Naskah Monolog
SANG ORATOR
Karya Lee Birkin
LAMPU GELAP. LAMAT-LAMAT
TERDENGAR SUARA KERIUHAN DEMONSTRASI BURUH, MENJADI BACKSOUND SAMPAI LAMPU DI
SALAH SATU SUDUT PANGGUNG MULAI MENYALA. DI SANA SUDAH NAMPAK SOSOK PEREMPUAN
YANG SUDAH SIAP BERORASI. PEREMPUAN ITU MEMAKAI SERAGAM KERJA PABRIK LENGKAP
DENGAN IKAT KEPALA, DIA MEMBAWA SERTA MEGAPHONE. DIA MEMBUNYIKAN TERLEBIH DULU
ALARM MEGAPHONE TERSEBUT LANTAS MULAI BERORASI.
“SAUDARA-SAUDARI, SENASIB SEPENANGGUNGAN.
ADALAH HAK MANUSIA, HAK RAKYAT BANGSA INI MENDAPATKAN KESEJAHTERAAN HIDUP! JUGA
KITA, KAUM BURUH! BERTAHUN-TAHUN KITA MEMERAS KERINGAT, MELAKUKAN KEWAJIBAN
KITA SEBAGAI PEKERJA DI PABRIK INI! TAPI APA YANG KITA DAPAT?!! UPAH YANG TAK
LAYAK! EKSPLOITASI TENAGA DAN JAM KERJA! TAK ADA JAMINAN
KESEHATAN DAN KESELAMATAN KERJA! BANYAK TEMAN KERJA KITA YANG DILECEHKAN SECARA
SEKSUAL! PEMECATAN SEPIHAK!
TERLALU
LAMA KITA DIAM! TERLALU LAMA KITA DIHANTUI RASA TAKUT! KITA HARUS BERGERAK!
MELAWAN PENINDASAN ITU SEMUA! DENGAN TANGAN KITA SENDIRI! SEKARANG, HANYA SATU
KATA; LAWAN!* HIDUP BURUH! HIDUP BURUH!....”
SAMPAI LAMPU FADE OUT, ORASI ITU
DIIRINGI LAGU MARS SALAH SATU ORGANISASI BURUH. DI TENGAH PANGGUNG, LAMPU FADE
IN DAN MENYOROT SOSOK PEREMPUAN ITU LAGI YANG SUDAH BERGANTI KOSTUM. DIA
MEMAKAI PAKAIAN KERJA KANTOR (SELAYAKNYA WANITA KARIR). DIA SEDANG DUDUK
MENGHADAP MEJA RIAS DI KAMARNYA. DI MEMEGANG DAN MEMERHATIKAN BINGKAI PHOTO
MILIKNYA.
Ha...ha...ha.... begitu semangatnya aku waktu itu. Aku seperti singa yang
mengaum diantara ribuan penghuni hutan. Semua mata tertuju padaku, mereka diam.
Entah karena isi orasiku atau karena kalimat-kalimat itu keluar dari mulut
perempuan yang selama ini terkesan pendiam. Aku tak peduli! Yang pasti, waktu
itu aku hanya menyuarakan apa yang kurasakan selama di pabrik itu.
Merekapun bertepuk tangan sesudah orasiku itu.
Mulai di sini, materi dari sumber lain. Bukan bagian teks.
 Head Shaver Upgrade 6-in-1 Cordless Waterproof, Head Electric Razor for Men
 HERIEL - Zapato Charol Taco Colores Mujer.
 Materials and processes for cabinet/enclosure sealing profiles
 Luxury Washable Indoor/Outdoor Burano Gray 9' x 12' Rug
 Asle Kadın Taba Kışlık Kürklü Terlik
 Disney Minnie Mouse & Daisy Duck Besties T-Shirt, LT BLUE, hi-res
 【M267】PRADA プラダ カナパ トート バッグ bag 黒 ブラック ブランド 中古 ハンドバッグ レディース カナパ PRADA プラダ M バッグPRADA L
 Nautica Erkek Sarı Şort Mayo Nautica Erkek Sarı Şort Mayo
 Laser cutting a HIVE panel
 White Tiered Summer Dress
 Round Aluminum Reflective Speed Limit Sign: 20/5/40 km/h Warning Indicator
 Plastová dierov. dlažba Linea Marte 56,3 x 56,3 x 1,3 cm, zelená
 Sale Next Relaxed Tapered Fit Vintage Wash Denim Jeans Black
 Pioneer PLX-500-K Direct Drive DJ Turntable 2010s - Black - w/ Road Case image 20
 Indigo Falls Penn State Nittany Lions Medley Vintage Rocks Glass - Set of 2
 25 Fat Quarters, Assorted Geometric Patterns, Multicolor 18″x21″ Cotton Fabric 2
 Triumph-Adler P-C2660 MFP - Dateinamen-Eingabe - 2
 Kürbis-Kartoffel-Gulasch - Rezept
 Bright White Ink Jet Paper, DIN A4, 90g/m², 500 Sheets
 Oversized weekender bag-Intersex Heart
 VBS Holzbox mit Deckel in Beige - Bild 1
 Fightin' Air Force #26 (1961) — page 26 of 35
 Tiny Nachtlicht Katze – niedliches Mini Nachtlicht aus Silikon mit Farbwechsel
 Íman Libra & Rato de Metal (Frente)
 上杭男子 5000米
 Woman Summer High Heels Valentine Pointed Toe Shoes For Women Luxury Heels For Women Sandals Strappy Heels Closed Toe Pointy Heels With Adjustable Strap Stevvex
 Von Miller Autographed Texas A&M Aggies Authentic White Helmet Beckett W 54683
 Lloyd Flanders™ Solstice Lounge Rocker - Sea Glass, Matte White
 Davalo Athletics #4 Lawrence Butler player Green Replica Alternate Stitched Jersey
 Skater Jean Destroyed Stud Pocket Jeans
Lima menit, ya lima menit.
Seperti penghargaan penonton atas sebuah pertunjukan teater yang memuaskan.
Yel-yel yang aku berikan, mereka sambut membuat gema yang riuhnya mengalahkan
deru mobil di jalan raya.
Aku, Sunarti. Sang orator.
LAMPU MATI. TAK BERAPA LAMA LAMPU
KEMBALI MENYALA, DAN SUNARTI SUDAH BERADA DI DEPAN MEJA RIAS, BERDIRI MENYANDAR
KE GAWIR MEJANYA.
Bagi rekan kerjaku sesama operator, aku mungkin dianggap pahlawan karena
telah mewakili mereka yang tak berani bicara, mewakili mereka yang hanya bisa
keluh kesah di belakang. Yang bisanya hanya corat-coret di dinding toilet
dengan spidol atau lipstick, berisi umpatan-umpatan pada atasan.
-
Wahai manajer tampan; pergilah ke neraka!-
-
Kepada supervisor cabul; jadi dukun aja lu!-
Begitulah jadinya kalau hidup ditekan tapi tak dilampiaskan secara benar.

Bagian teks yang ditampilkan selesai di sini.